◆ Exercise directions
Please retype the data below line for line and leave out every picture.

◆ Data
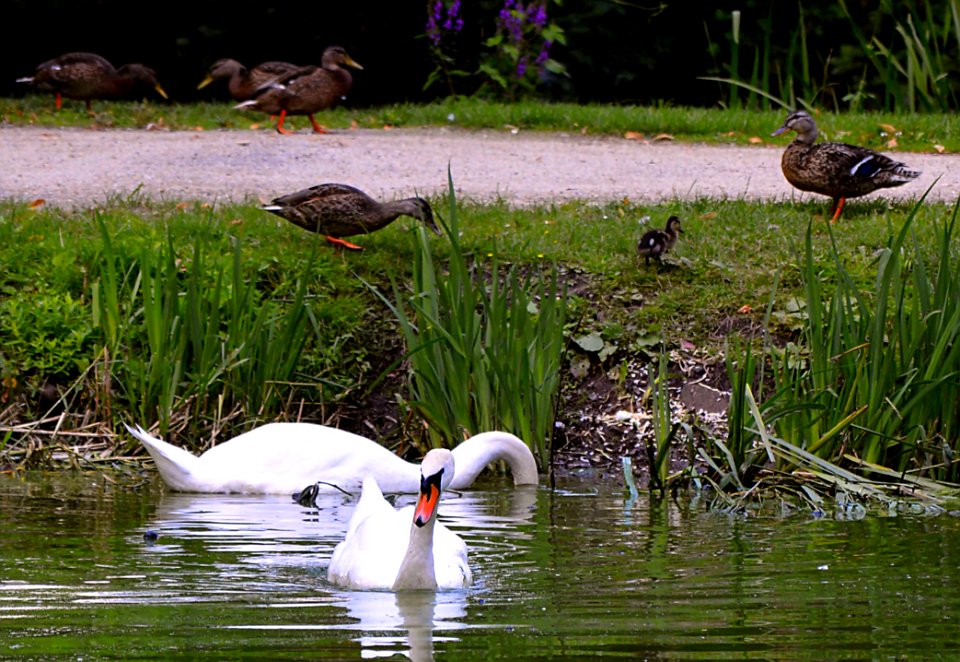 Bird Water Fauna Pond
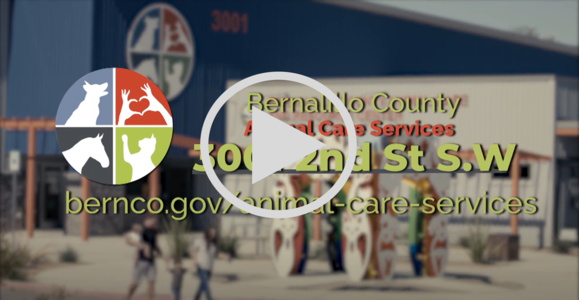 Animal Care Services_Charlie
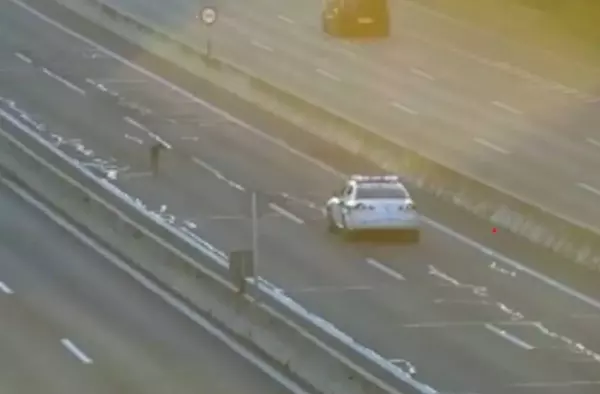 Cierran el carril bus VAO de la A6 para rescatar a un galgo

◆ Answer to the exercise
 Bird Water Fauna Pond
 Animal Care Services_Charlie
 Cierran el carril bus VAO de la A6 para rescatar a un galgo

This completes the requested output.